Photo by Ali Inay on Unsplash

I have been talking about Trim Healthy Mama a lot. I love it. But I know it can seem overwhelming at first. I am an all in type of person but maybe that isn’t you.

I’d like to help you if you want to give it a try. So why don’t we try just having THM breakfasts for a week? It’s super easy.

You will be eating either S meals or E meals.

S means satisfying, and will be high in fat and low in carbs.

E means energizing and will be high in carbs and low in fats.

Protein is the center of every meal.

A Few Tips: If a recipe calls for Gentle Sweet I use Truvia. You have to use that actual brand Truvia because off brands add some filler that THM says is a no-no. So you will have to spend a bit more. Also, you can’t use the baking bags of Truvia because they too add the filler to bulk it up.

If a recipe calls for Super Sweet I use Stevia and just cut it in half-ish. You can make adjustments to your taste. Error on the side of less because you can always add more.

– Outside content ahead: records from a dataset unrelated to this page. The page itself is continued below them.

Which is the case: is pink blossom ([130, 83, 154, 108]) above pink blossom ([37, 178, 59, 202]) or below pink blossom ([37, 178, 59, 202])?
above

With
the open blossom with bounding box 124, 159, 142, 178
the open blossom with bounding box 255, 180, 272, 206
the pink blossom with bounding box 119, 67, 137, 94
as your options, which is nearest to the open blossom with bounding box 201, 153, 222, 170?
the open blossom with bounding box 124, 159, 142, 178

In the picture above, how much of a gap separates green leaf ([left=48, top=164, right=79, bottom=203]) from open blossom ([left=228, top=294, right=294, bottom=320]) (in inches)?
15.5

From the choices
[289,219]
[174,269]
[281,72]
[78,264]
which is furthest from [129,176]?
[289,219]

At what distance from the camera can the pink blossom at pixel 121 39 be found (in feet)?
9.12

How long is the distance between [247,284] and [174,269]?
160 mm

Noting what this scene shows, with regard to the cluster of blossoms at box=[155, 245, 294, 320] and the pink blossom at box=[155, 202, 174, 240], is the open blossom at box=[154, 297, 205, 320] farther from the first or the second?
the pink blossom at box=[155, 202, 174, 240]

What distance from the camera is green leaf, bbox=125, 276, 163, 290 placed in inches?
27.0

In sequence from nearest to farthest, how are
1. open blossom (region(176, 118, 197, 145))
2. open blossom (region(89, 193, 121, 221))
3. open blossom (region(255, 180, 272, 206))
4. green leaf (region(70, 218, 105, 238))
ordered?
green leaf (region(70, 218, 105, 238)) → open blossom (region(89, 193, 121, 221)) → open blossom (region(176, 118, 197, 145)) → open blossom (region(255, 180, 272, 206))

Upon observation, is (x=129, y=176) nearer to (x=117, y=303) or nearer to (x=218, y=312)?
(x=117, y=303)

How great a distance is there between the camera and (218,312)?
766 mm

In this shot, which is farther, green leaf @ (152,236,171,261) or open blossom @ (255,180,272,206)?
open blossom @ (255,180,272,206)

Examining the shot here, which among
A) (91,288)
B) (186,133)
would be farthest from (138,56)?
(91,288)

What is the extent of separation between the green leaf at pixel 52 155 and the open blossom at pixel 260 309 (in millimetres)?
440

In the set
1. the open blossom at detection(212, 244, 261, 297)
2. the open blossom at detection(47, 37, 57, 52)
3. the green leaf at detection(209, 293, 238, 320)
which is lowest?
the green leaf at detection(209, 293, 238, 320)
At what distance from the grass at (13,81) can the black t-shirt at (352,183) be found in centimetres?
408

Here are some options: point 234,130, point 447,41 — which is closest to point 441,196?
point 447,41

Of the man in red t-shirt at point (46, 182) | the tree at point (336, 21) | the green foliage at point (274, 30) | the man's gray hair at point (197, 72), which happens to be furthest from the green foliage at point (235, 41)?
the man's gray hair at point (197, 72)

Feel free to repeat S or E’s as much as you like. I do recommend switching it up between S and E every few days but it’s food freedom so do it your way.

Here are some S ideas.

S is so easy, you can basically fry or scramble two or three eggs in butter or coconut oil (not olive oil because it changes at high heat) and have two pieces of bacon or sausage. I buy the bacon and sausage I can just microwave to make it easy for me, and much quicker. But if you can’t stand then then go ahead and cook up some.

If you want more throw in some non-strachy veggies. Zucchini is great for bulking up a meal. I also love red peppers and onions. Again, make it your own.

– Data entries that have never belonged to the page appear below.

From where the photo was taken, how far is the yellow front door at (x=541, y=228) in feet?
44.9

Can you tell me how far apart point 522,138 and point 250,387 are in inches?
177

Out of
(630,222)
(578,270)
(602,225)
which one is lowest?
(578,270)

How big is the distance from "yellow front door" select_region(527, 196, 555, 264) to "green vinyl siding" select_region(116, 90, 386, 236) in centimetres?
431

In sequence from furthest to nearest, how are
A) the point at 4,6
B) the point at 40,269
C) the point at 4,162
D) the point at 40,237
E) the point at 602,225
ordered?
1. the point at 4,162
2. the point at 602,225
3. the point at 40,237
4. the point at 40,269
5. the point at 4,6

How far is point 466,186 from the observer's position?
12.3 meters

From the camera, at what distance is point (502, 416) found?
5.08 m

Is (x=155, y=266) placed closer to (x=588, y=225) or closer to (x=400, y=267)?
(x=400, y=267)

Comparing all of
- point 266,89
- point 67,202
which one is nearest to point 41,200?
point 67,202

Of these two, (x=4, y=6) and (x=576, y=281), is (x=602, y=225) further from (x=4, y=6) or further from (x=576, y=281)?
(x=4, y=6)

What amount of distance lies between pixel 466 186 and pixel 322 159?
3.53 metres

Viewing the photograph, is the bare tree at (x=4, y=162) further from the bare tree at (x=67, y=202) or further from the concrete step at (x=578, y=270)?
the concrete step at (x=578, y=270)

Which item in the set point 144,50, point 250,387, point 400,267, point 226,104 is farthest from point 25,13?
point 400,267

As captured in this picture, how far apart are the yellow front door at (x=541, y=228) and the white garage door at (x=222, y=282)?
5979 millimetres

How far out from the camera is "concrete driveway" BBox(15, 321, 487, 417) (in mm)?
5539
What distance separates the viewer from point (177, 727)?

You can also sprinkle a little cheese but don’t go crazy. If you don’t have any meat you could use more cheese. We don’t abuse calories but we do have freedom.

I also like to make casseroles, cut it into eighths and freeze it, then pull it out as needed. This is a huge time saver when I am working.

Here is one (I haven’t tried it): Low-Carb Sausage Patty Casserole.

Or Bacon and Eggs Casserole. I would put less salt in it, it was way too much for me.

Don’t add hashbrowns if you are trying to loose weight, they are not weight loss friendly. I only add them because I am at goal weight. Adding a carb to a high fat meal makes it a crossover, meaning you won’t burn any calories because your body will busy working on the fat and the carbs. You only want to give your body one fuel (fat or carbs) at a time to burn.

If you don’t care for eggs you can do smoothies. Here are some I have found but not necessarily tried.

Pumpkin cheesecake. It calls for glucomanan but you can easily leave this out. Also, if you don’t have protein powder throw in some 1% cottage cheese to add protein, that’s what I have been doing and I don’t really like cottage cheese but in a smoothie I don’t really notice it.

Brownie Batter Shake. 

Peppermint Chocolate Chip Share. One of my favorites.

E meals take a little more effort but if you do overnight oats you can get those in the fridge the night before and take it out in the morning. Here are a few ideas that I like:

Blueberry French Toast Overnight Oats. You will need some special ingredients like maple and butter extract. It also says Super Sweet, which is a THM sweetener. I just cut it in half and use stevia. I also just used blueberries, not the jam. I threw on some Fat Free Redi Whip.

Creamy Maple and “Brown Sugar” Oatmeal. This is not an overnight recipe but was pretty good.

Pumpkin Spice Overnight Oats. Redi Whip seems to make everything better.

Here are some shake ideas.

Low Fat Peach Smoothie.

Strawberry Banana Frosty. Lots of special ingredients are listed but I seriously wouldn’t worry about purchasing all of that. If you add some cottage cheese it will thicken it and give you the protein those others things would do.

Cherry Cobbler Smoothie.  I just tried this one and I LOVED it!! Don’t worry about not having the protein powder, add a little more cottage cheese.